__PROBLEM DESCRIPTION__. Please copy exactly the lines from the one containing "Mid-19th Century Finest" to the end of the entries, both included, and nothing else. Omit every picture.

Caption-style text data:
<<<<

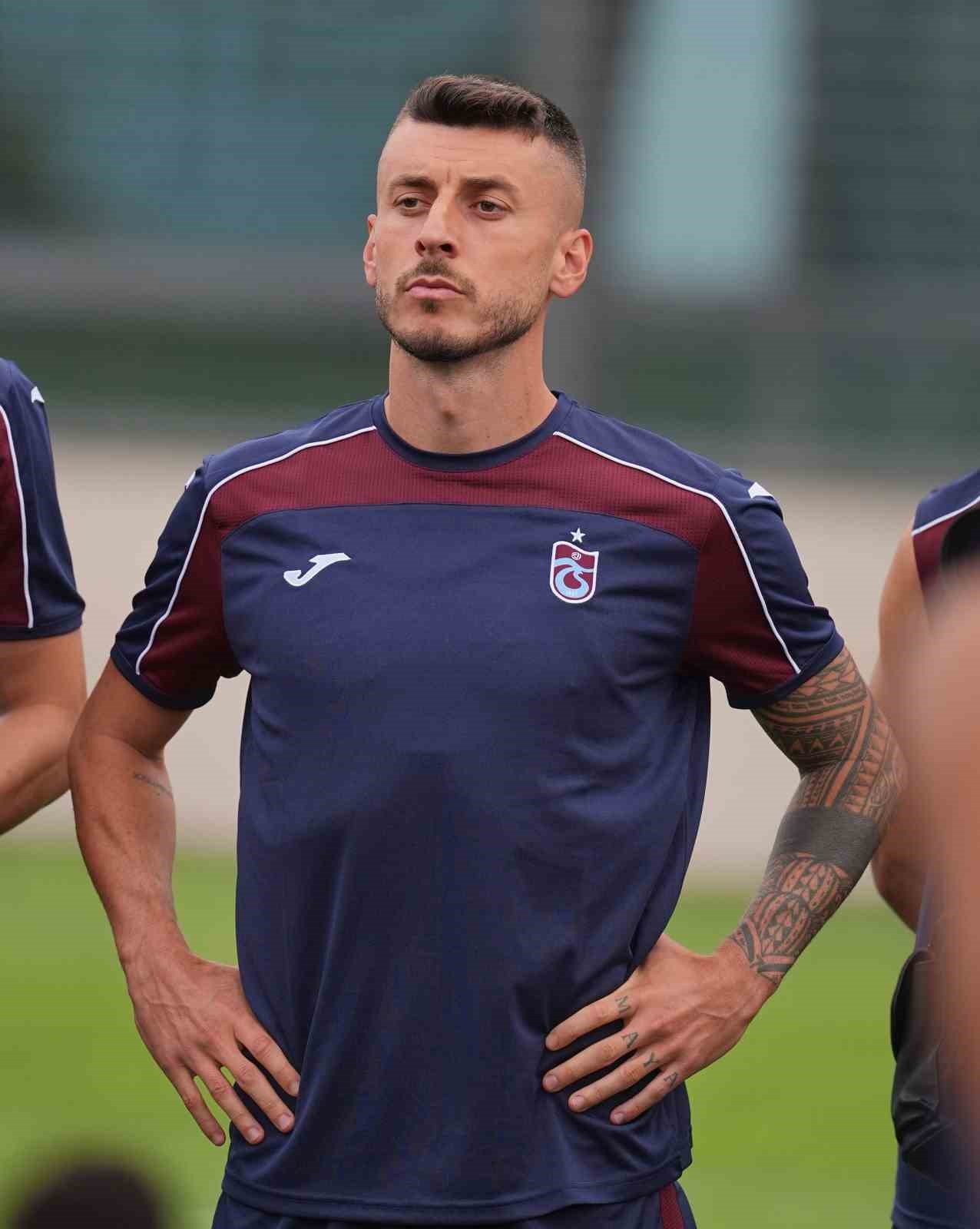 Trabzonspor’da yeni sezon mesaisi başladı 9 trabzonsporda yeni sezon mesaisi basladi 5 GmGG5Ll2
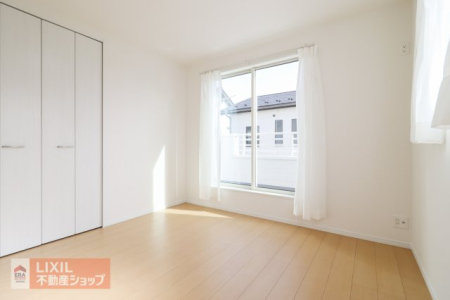 �Q�� �y�Q���z���n�����ʐ^�B���邢�̌��̓����Q���ł��B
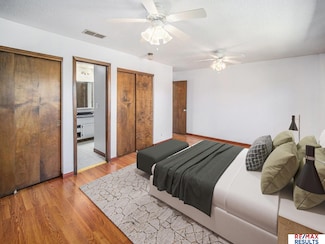 7006 Shamrock Rd, Lincoln, NE 68506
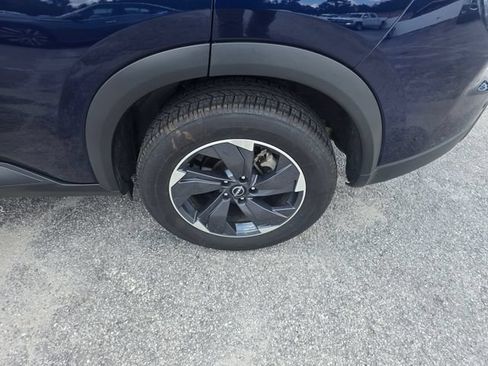 Used 2025 Nissan Rogue SV FWD image 4
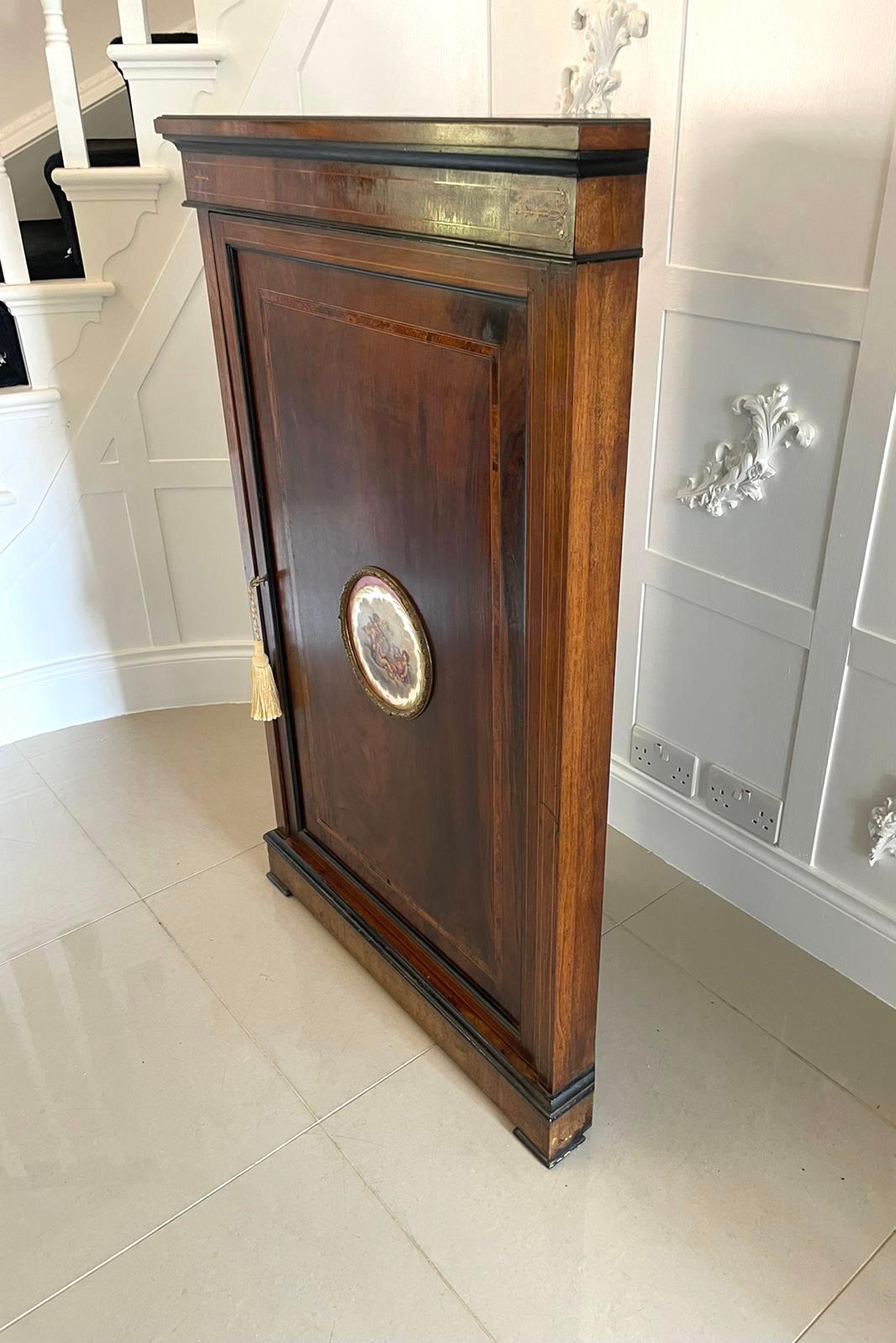 Mid-19th Century Finest Quality 19th Century Victorian Antique Inlaid Walnut Corner Cabinet For Sale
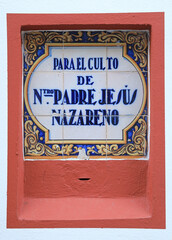 sevilla buzón para limosnas para jesús nazareno  imagen de azulejo en la fachada de una  iglesia semana santa 4M0A6881-as24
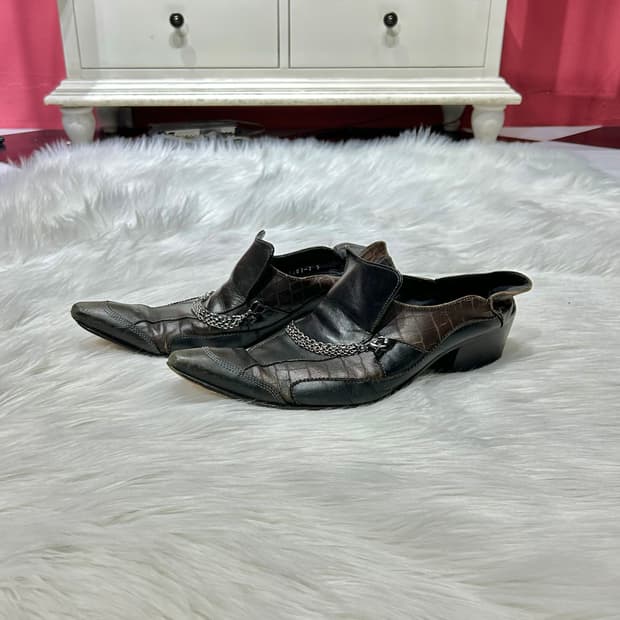 tornado mart shoes 토네이도 마트 체인 디테일 슈즈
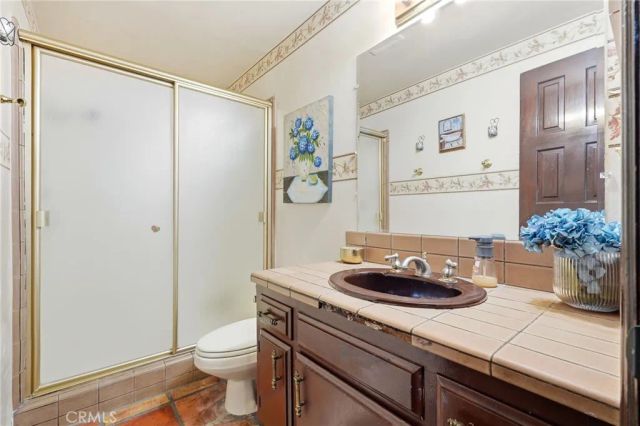 19122 Weston, Tarzana, CA 91356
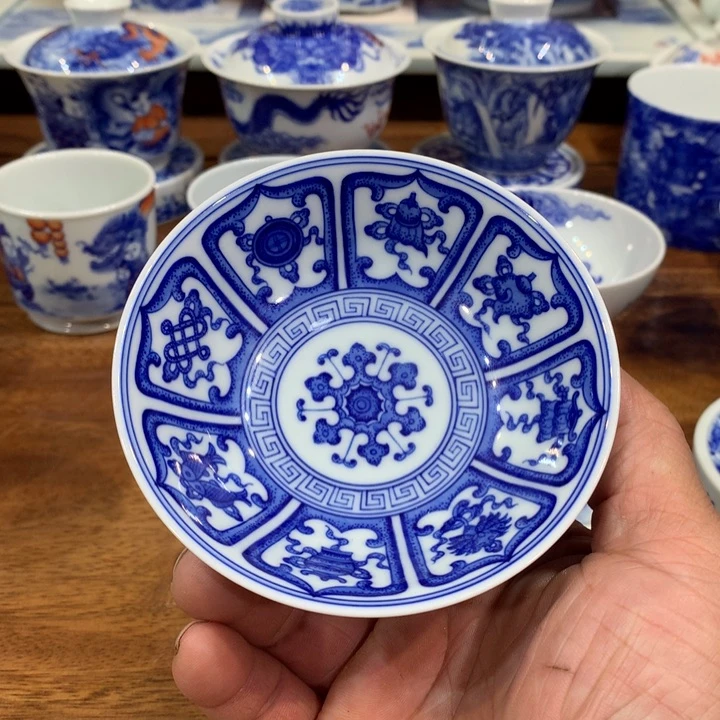 柴窑青花缠枝八宝主人杯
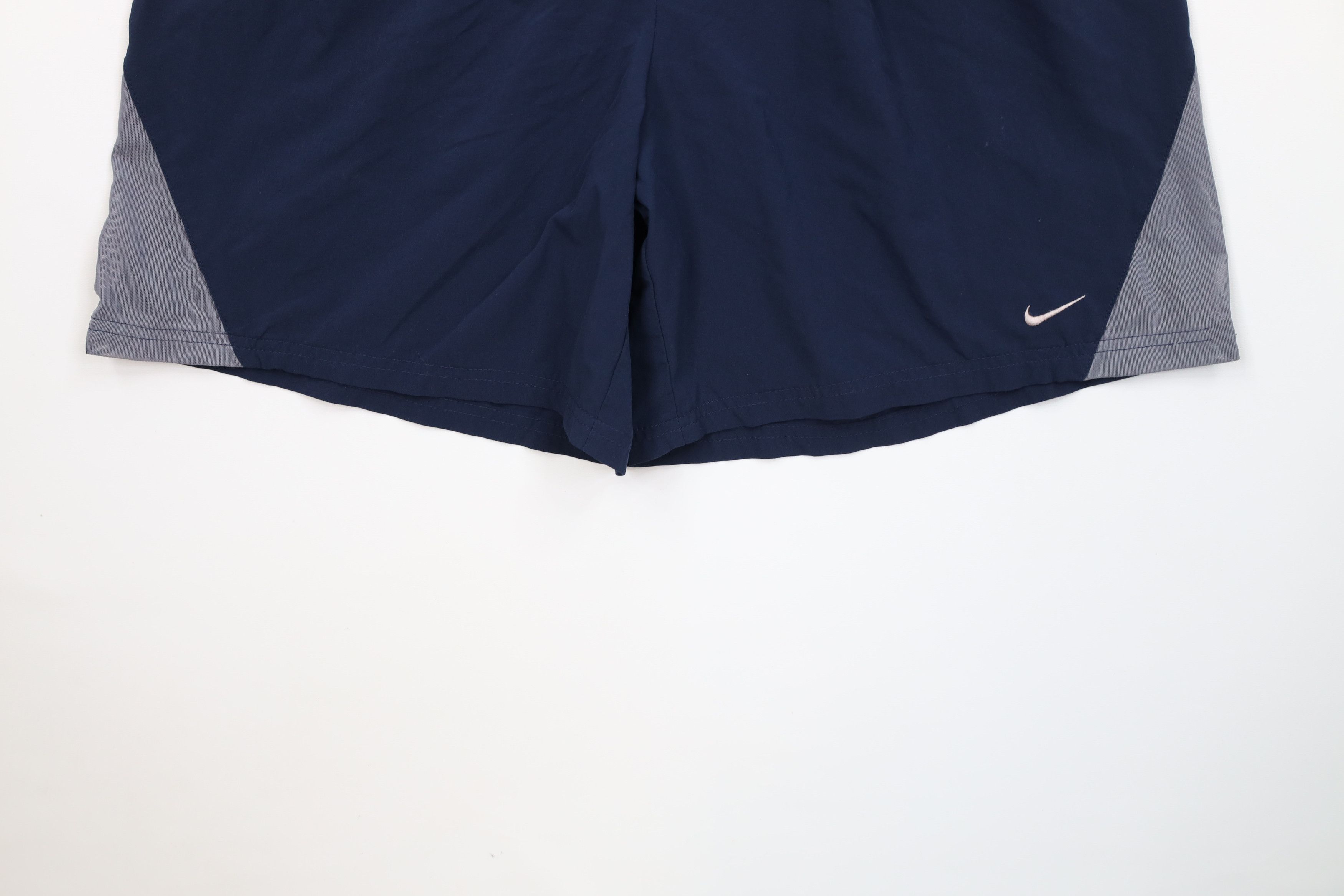 Nike Vintage Y2K Nike Scott Mini Swoosh Lined Above Knee Shorts Size US 34 / EU 50 - 4 Thumbnail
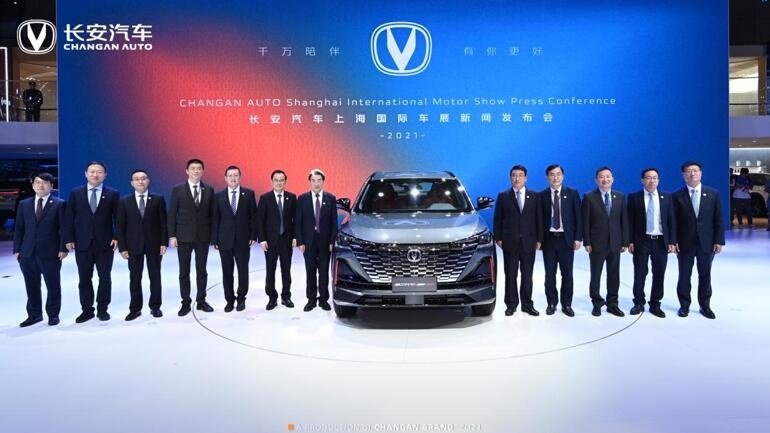 2021上海车展：注定热销？第二代CS55PLUS盛装亮相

>>>>

__THE COMPLETED TASK__.
 Mid-19th Century Finest Quality 19th Century Victorian Antique Inlaid Walnut Corner Cabinet For Sale
 sevilla buzón para limosnas para jesús nazareno  imagen de azulejo en la fachada de una  iglesia semana santa 4M0A6881-as24
 tornado mart shoes 토네이도 마트 체인 디테일 슈즈
 19122 Weston, Tarzana, CA 91356
 柴窑青花缠枝八宝主人杯
 Nike Vintage Y2K Nike Scott Mini Swoosh Lined Above Knee Shorts Size US 34 / EU 50 - 4 Thumbnail
 2021上海车展：注定热销？第二代CS55PLUS盛装亮相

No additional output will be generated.